>>>>>

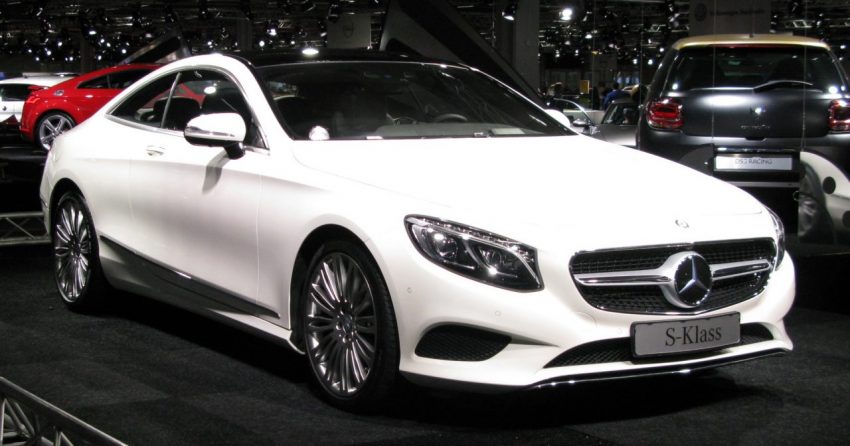 Frontansicht Weißer Mercedes Benz S Klasse Coupe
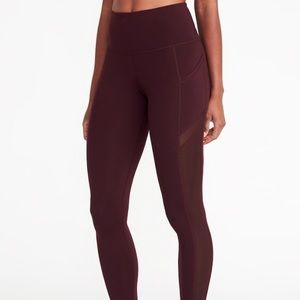 High rise Old Navy Go-Dry leggings (with pockets!)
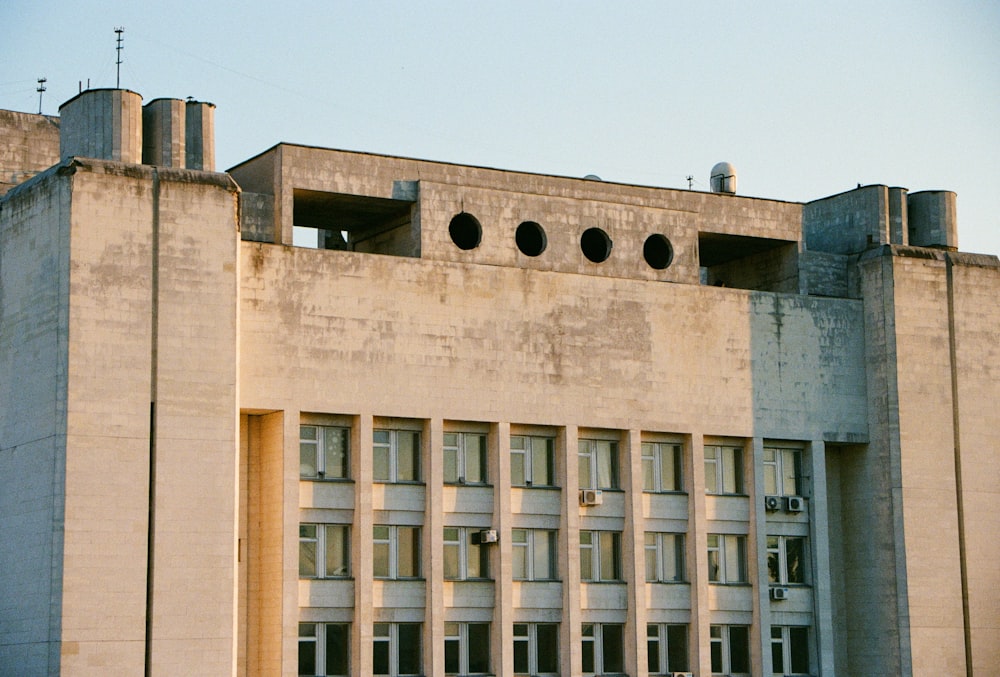 Braunes Betongebäude unter blauem Himmel tagsüber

<<<<<

*About this task:* Pictures stay out of the answer; the rest of the listing above is returned exactly.

*Finished exercise:*
 Frontansicht Weißer Mercedes Benz S Klasse Coupe
 High rise Old Navy Go-Dry leggings (with pockets!)
 Braunes Betongebäude unter blauem Himmel tagsüber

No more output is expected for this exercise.